Uma comitiva da CNNC veio ao Brasil em junho para conversar com a Eletronuclear. Na recente visita do ministro de Minas e Energia, Bento Albuquerque, à China, os chineses reafirmaram o interesse não só em Angra 3, mas nas demais usinas que devem ser construídas até 2050.
Eles também querem entrar, se houver possibilidade, na exploração e enriquecimento do urânio. Viram uma oportunidade no fato do Brasil possuir a sexta maior reserva do mundo do minério tendo explorado um terço das jazidas.
Essas conversas ocorrem no momento em que Jair Bolsonaro se alinha com o presidente dos EUA, Donald Trump. Embora os chineses tenham apetite, não se sabe se poderá haver uma reviravolta em favor da Westinghouse.
O primeiro passo para viabilizar esse plano foi dado no ano passado, quando o governo permitiu que a energia gerada por uma usina nuclear seja despachada a R$ 480 o megawatt-hora, mais que o dobro do valor antes vigente.
Com esse atrativo, o governo não só destravou o projeto de conclusão de Angra 3 como tenta estimular a construção do parque nuclear para substituir as térmicas movidas a diesel que, nos períodos de escassez de energia, são acionadas gerando a energia a cerca de R$ 700 o megawatt-hora.
Pessoas que acompanham essa discussão afirmam que, sempre as térmicas são acionadas, a Aneel (Agência Nacional de Energia Elétrica) aciona automaticamente a “bandeira vermelha” para os consumidores, que pagam tarifas mais elevadas.
Por isso, o CNPE (Conselho Nacional de Política Energética) deve baixar uma resolução até o final deste ano prevendo a construção das usinas. Para isso, aguarda os estudos da EPE (Empresa de Pesquisa Energética) que conclui o planejamento energético até 2050.

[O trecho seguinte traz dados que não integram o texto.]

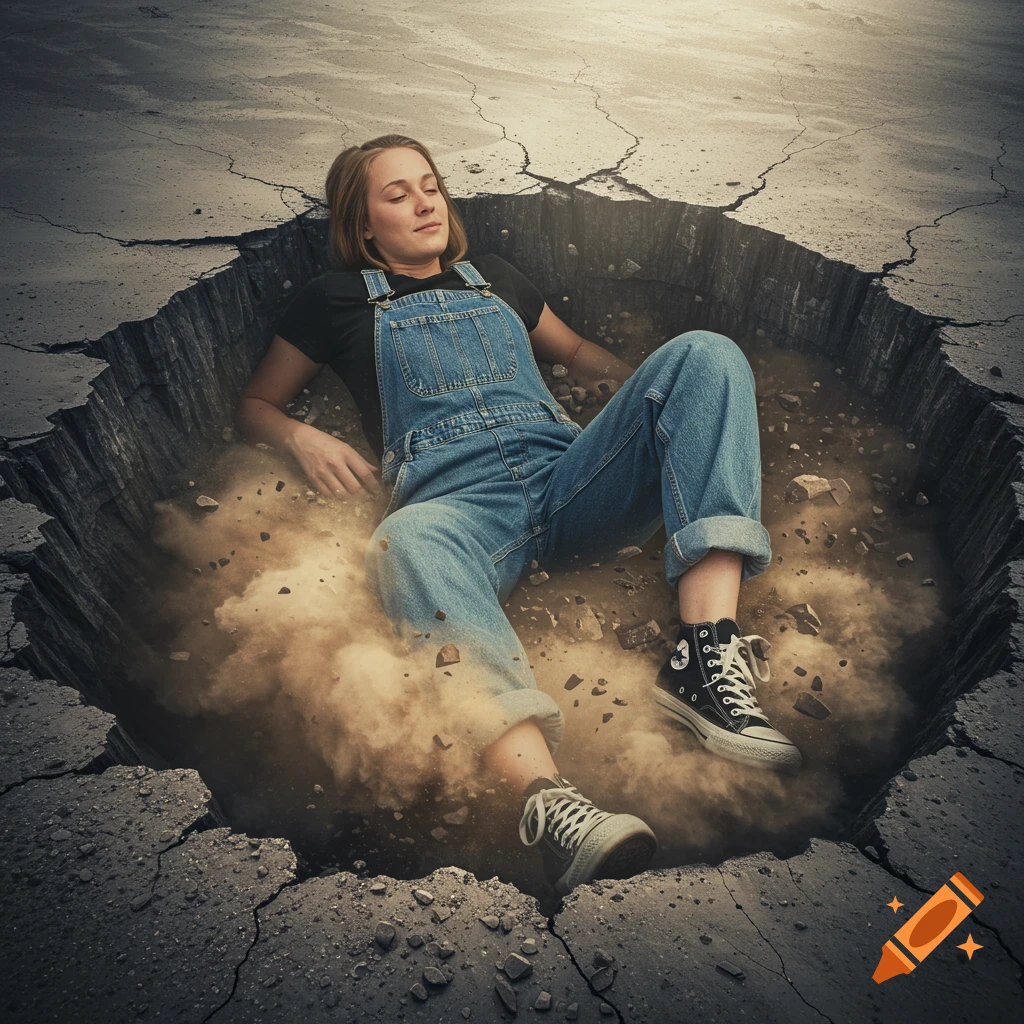 A woman in overalls lies in a large chasm in cracked ground, surrounded by dust.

Há quatro cenários em estudo, que variam entre um crescimento econômico médio de 2,2% ao ano nos próximos anos até cerca de 4%. O mais provável é que utilizem um crescimento em torno de 2,8% como referência.
A depender dessa calibragem, o total de usinas pode variar entre quatro e oito. O mais provável, ainda segundo os técnicos que participam dessa discussão, é que sejam seis.
No planejamento vigente (que prevê investimentos em energia até 2030) já existe previsão para a construção de quatro usinas nucleares, mas a recessão e o envolvimento das empreiteiras responsáveis por Angra 3 na operação Lava Jato congelaram as expectativas do governo.
Desde que assumiu o cargo, o ministro de Minas e Energia defende a retomada desse programa nuclear. Também por esse motivo, a Eletronuclear foi separada da Eletrobras, que deve sair do controle estatal por meio de uma capitalização privada.
Para levar o plano nuclear adiante, a Eletronuclear já prospectou mais de 20 locais no Norte e Nordeste. Foram consideradas plantas em São Paulo, Rio de Janeiro, Minas Gerais, Alagoas, Pernambuco e Sergipe.
A ideia é passar dos atuais 4 gigawatt de capacidade instalada de geração nuclear para cerca de 8 gigawatt até 2050. Junto com o aumento da capacidade de geração elétrica de térmicas movidas a gás, as duas fontes deverão responder pela maior parte do crescimento da oferta nas próximas décadas.
Hoje, o país possui duas usinas em operação (Angra 1 e 2) que respondem por cerca de 1,1% da geração nacional de eletricidade.
Esse movimento de expansão da matriz nuclear ocorre na contramão de nações como Japão e Alemanha, que estão desativando usinas depois do acidente de Fukushima, em 2011. A Alemanha já anunciou que desligará seu parque até 2022.